My absolute favorite way to eat tri tip is sliced thin and stacked high for roast beef sandwiches. I was not a fan of roast beef sandwiches until I started cooking tri tip.
I usually smoke and slow indirect cook my tri tips to about 110F / 45C and then sear to the desired internal temp. I normally shoot for the rare side of medium rare -- 130F is ideal, 135F is getting on the edge of too done for my preference.
I normally get tri tips in the 1.5 to 2.5 pound range. That's enough for 4 modest dinner servings with a nice choice of sides. I'd cook 2 tri tips in that size range for 4 bigger appetites with maybe some left overs to hide away for sandwiches.
Just the input I'm looking for on the smoking side. I usually grill a 2.5 to 3# tri-tip. The one I have is almost 4#, so I'm thinking I'll freeze half, and smoke the other.
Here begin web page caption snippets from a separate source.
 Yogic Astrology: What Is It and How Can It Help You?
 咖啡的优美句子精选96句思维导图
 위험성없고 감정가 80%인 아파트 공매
It's the go to beef protein for our house. Tri tip, sometimes packaged as bottom sirloin, is excellent either reversed seared SVQ'd or QVQ'd. My choice of smoke is red oak with BBBR as the rub. Prime was sometimes difficult to find so I would pick up choice. In all honesty, I struggled to notice the difference. Highly recommended.
Totally frustrated by the search function today, so I’m tagging onto the thread with a question about tri-tips. Troutman , what is the link to your tri-tip recipe?
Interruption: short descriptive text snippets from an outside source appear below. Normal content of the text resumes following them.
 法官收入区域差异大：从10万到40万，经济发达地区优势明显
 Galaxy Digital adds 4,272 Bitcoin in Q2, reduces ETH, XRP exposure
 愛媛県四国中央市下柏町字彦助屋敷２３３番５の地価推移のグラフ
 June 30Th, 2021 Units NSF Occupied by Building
Next to Picanha, the tri-tip roast or steak is probably my favorite cut of non-rib beef. A California favorite since the 1950's, it traces its origins back to the
Thank you. I wrote out and tried this before and we really liked it. Wrote it up and put it in my recipe book. However I see today that several of my tri-tips, and the recipe page is missing from my book. Guessing one of the kids wanted to have it at their house while we were away.🙂
btuckertx as others have pointed out you can treat it like a roast. Smoke it indirect until it temps internally to about 115* (if you are shooting for rare, higher if not), then use the cold grate reverse sear technique to finish it off. I don't like to let mine get above 122*. Also as mentioned they tend to dry out rather quickly if over cooked, but you probably already know that.
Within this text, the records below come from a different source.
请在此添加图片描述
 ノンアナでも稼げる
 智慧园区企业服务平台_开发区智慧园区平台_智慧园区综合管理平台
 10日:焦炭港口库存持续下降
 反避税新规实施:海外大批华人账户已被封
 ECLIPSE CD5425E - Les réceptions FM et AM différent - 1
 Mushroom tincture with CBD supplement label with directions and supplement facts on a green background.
mountainsmoker again to correct you, it is a part of the bottom sirloin (not the flank or round) and makes up what would essentially be part of the knee cap muscle group. It is often cut into chili meat or ground into burger but if grilled or smoked properly it is very tender, full of juice and has an intense beefy flavor. It's one of my personal favorite cuts on the cow.
As for no intramuscular fat, I'm sorry but this one is an example of what Costco sells here in Htown on a fairly regular basis. You need to find a better butcher.....
I would love to hear how your tri-tip came out. I just smoked one two weeks ago. Smoke on front end and grill on the back end. Yes to turned out like the one pictured. Only difference, I put mine on our slicer and went with thin slices. Unbelievably good. For rub I used Salt, Pepper and Garlic and Three Little Pigs Memphis.
Reverse sear is the best on tri-tip. I’ve done it in the smoker, but usually just use a 2-zone setup on my charcoal grill since it doesn’t take very long (couple hours max). As CaptainMike mentioned, bonus points for cooking it over an oak fire. Medium Rare.
As for seasonings, traditional Santa Maria style is salt, pepper, and garlic.
Slice thin against the grain and it’s a tender and delicious cut. Slice it with the grain and your jaw will wear out trying to chew it. Highly recommended cut!
We have a local deli that makes great TT sandwiches for lunch on Fridays and Saturdays. Every now and then they slice it with the grain and it's like eating really tasty leather.